# Your instructions
Go to the line with "Colorful Neon skull" in the records below, then output it and each following line exactly, up to and including the line with "Stickers Muraux en". Skip pictures and add nothing.

# Task material

|---|

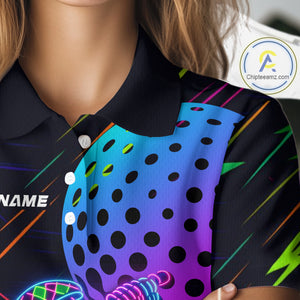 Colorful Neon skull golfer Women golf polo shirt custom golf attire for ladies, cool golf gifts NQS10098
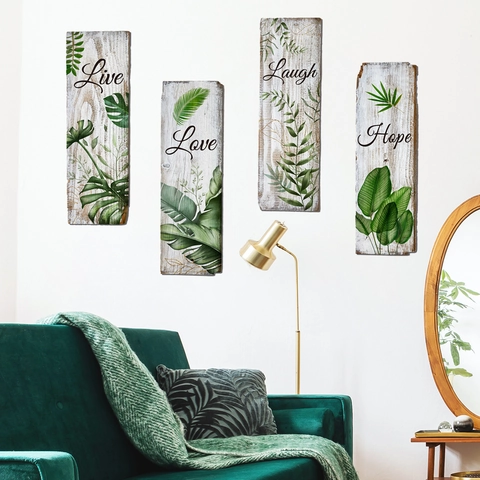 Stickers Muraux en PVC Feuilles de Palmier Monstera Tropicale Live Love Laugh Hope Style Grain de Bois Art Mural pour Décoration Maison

|---|

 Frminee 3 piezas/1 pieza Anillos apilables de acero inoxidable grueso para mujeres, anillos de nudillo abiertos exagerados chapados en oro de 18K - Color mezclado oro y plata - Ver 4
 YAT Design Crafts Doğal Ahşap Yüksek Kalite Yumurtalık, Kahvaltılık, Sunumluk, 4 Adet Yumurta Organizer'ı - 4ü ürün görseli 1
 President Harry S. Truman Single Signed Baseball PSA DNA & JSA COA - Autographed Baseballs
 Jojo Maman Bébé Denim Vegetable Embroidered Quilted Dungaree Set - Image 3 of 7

|---|

# Worked solution
 Colorful Neon skull golfer Women golf polo shirt custom golf attire for ladies, cool golf gifts NQS10098
 Stickers Muraux en PVC Feuilles de Palmier Monstera Tropicale Live Love Laugh Hope Style Grain de Bois Art Mural pour Décoration Maison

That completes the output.